Category Archives: Testing and checking

All testing is exploratory: change my mind

I’ve recently returned to Australia after several weeks in Europe, mainly for pleasure with a small amount of work along the way. Catching up on some of the testing-related chatter on my return, I spotted that Rex Black repeated his “Myths of Exploratory Testing” webinar in September. I respect the fact that he shares his free webinar content every month and, even though I often find myself disagreeing with his opinions, hearing what others think about software testing helps me to both question and cement my own thoughts and refine my arguments about what I believe good testing looks like.

Rex started off with his definition of exploratory testing (ET), viz.

A technique that uses knowledge, experience and skills to test software in a non-linear and investigatory fashion

He claimed that this is a “pretty widely shared definition of ET” but I don’t agree. The ISTQB Glossary uses the following definition:

An approach to testing whereby the testers dynamically design and execute tests based on their knowledge, exploration of the test item and the results of previous tests.

The definition I hear most often is something like the following James Bach/Michael Bolton effort (their edit of Cem Kaner’s suggestion, which they used until 2015):

An approach to software testing that emphasizes the personal freedom and responsibility of each tester to continually optimize the value of his work by treating learning, test design and test execution as mutually supportive activities that run in parallel throughout the project

They have since deprecated the term “exploratory testing” in favour of simply “testing” (from 2015), defining testing as:

Evaluating a product by learning about it through exploration and experimentation, including to some degree: questioning, study, modeling, observation, inference, etc.

Rex went on to say that the test basis and test oracles in ET “are primarily skills, knowledge and experience” and any such testing is referred to as “experience-based testing” (per the ISTQB definition, viz. “Testing based on the tester’s experience, knowledge and intuition.”). Experience-based testing that is investigatory is then deemed to be exploratory. I have several issues with this. There is an implication here that ET involves testing without using a range of oracles that might include specifications, user stories, or other more “formal” sources of what the software is meant to do. Rex reinforces this when he goes on to say that ET is a form of validation and “may tell us little or nothing about conformance to specification because the specification may not even be consulted by the tester”. Also, I can’t imagine any valuable testing that doesn’t rely on the tester’s skills, knowledge and experience so it seems to me that all testing would fall under this “experience-based testing” banner.

The first myth Rex discussed was the “origin myth”, that ET was invented in the 1990s in Silicon Valley or at least that was when a “name got hung on it” (e.g. Cem Kaner).

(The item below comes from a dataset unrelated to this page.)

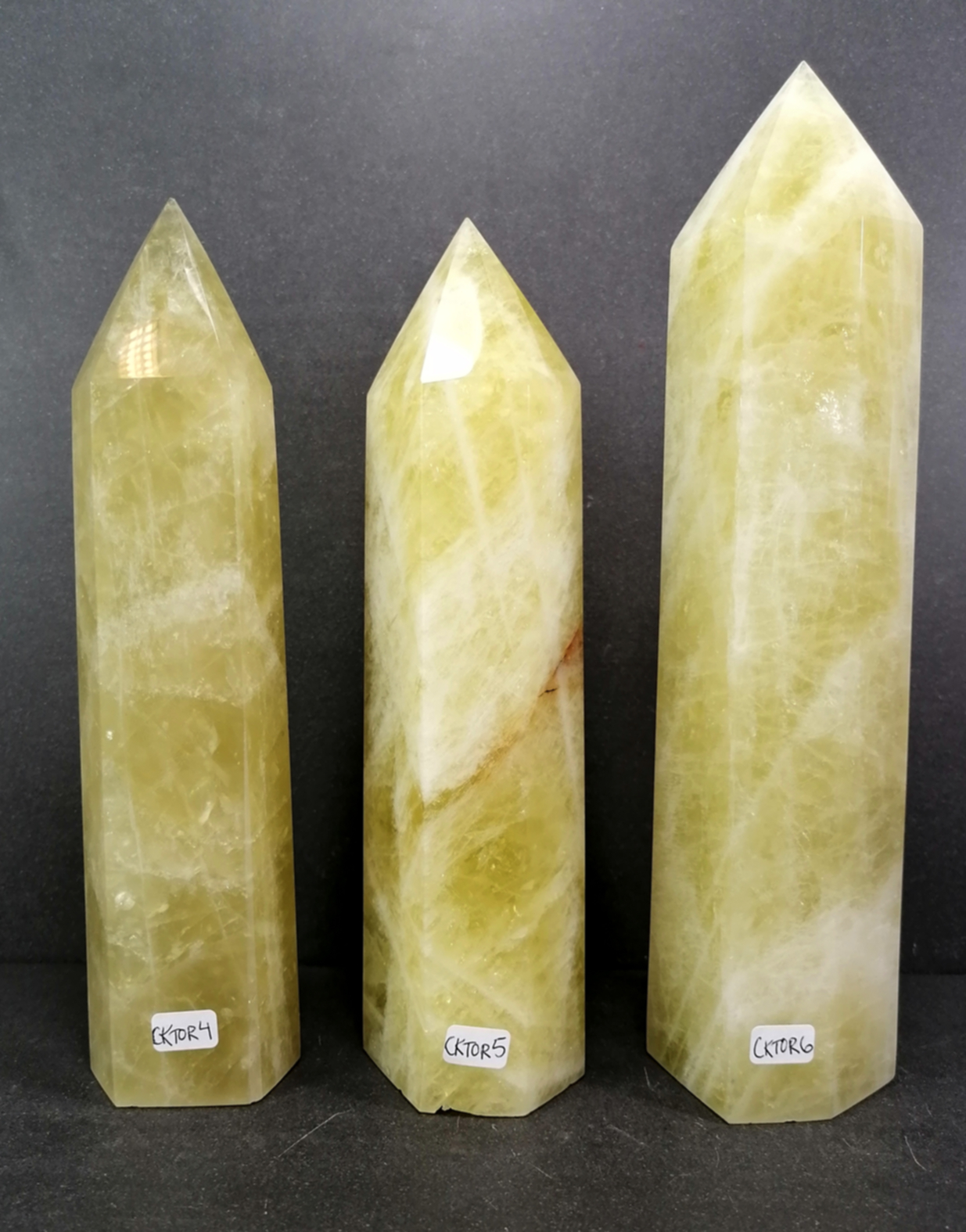 Citronkvarts Torn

He argued instead that it was invented by whoever wrote the first program, that IBM were doing it in the 1960s, that the independent test teams in Fred Brooks’s 1975 book Mythical Man Month were using ET, and “error guessing” as introduced by Glenford Myers in the classic book Art of Software Testing sounds “a whole lot like a form of ET”. The History of Definitions of ET on James Bach’s blog is a good reference in this regard, in my opinion. While I agree that programmers have been performing some kind of investigatory or unscripted testing in their development and debugging activities as long as programming has been a thing, it’s important that we define our testing activities in a way that makes the way we talk about what we do both accurate and credible. I see the argument for suggesting that error guessing is a form of ET, but it’s just one tactic that might be employed by a tester skilled in the much broader approach that is ET.

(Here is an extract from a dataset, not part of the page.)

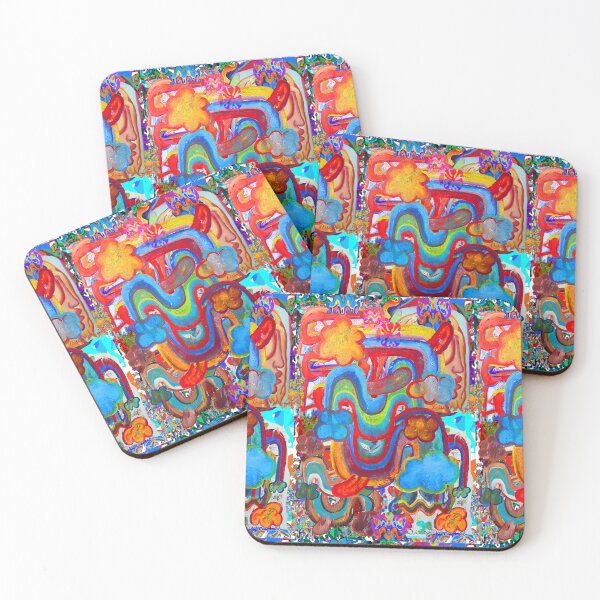 Item preview, Pop abstract designed and sold by Diego Manuel Rodriguez.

The next myth Rex discussed was the “completeness myth”, that “playing around” with the software is sufficient to test it. He mentioned that there is little education around testing in degrees in Software Engineering so people don’t understand what testing can and cannot do, which leads to myths like this. I agree that there is a general lack of understanding in our industry of how important structured ET is as part of a testing strategy, I haven’t personally heard this myth being espoused anywhere recently though.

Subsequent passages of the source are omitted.